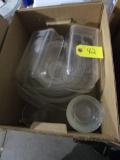 Pyrex Glassware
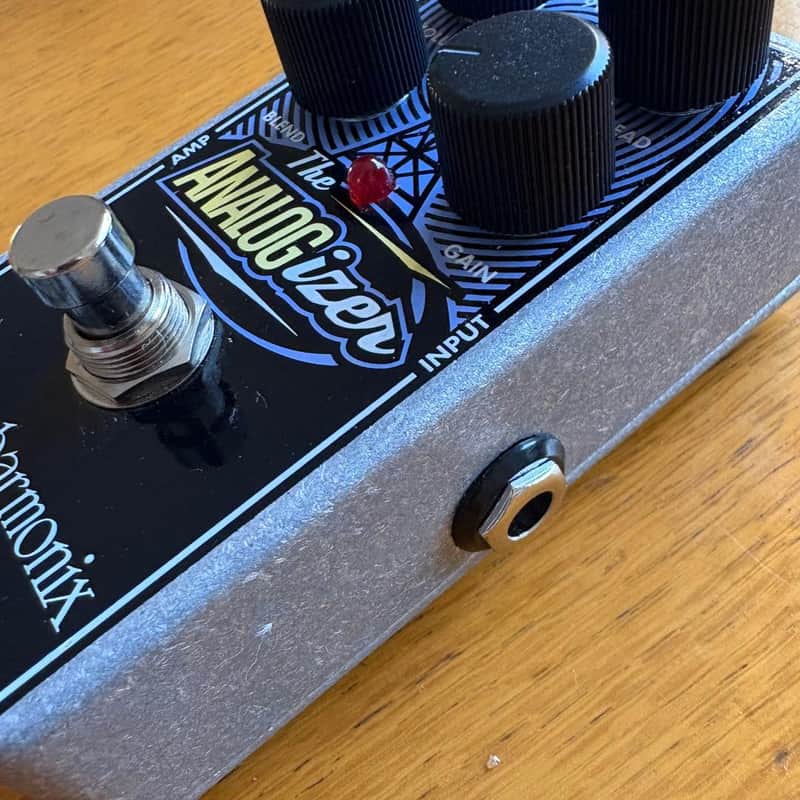 Electro-Harmonix ANALOGizer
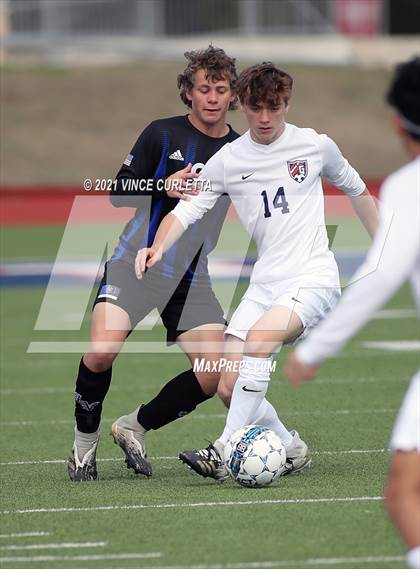 Thumbnail 2 in Leander Glenn @ La Vernia (Wimberley Texan Cup) photogallery.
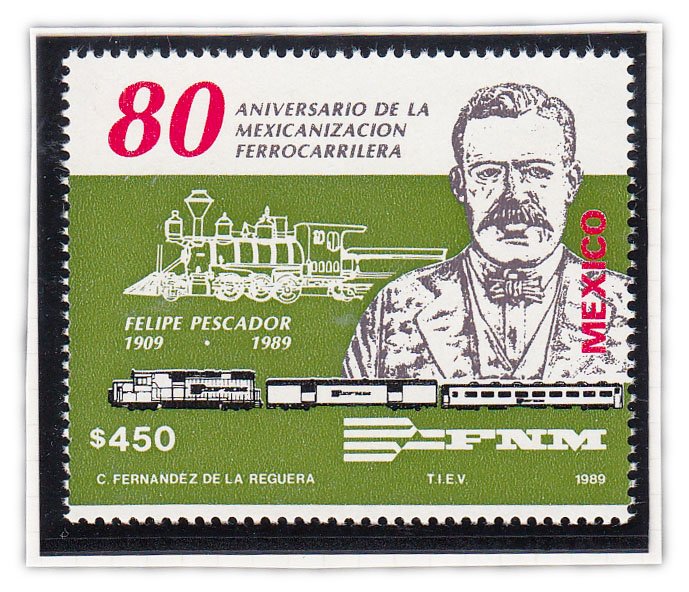 Марки Марк 1989. 22 Декабря 1989 марка. Mexico 80 tsik America вкладыш.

## Task directions:
Locate "Thumbnail 2 in" in the listing above, then print exactly the lines from that line through the final one, omitting all pictures.

## Task response:
 Thumbnail 2 in Leander Glenn @ La Vernia (Wimberley Texan Cup) photogallery.
 Марки Марк 1989. 22 Декабря 1989 марка. Mexico 80 tsik America вкладыш.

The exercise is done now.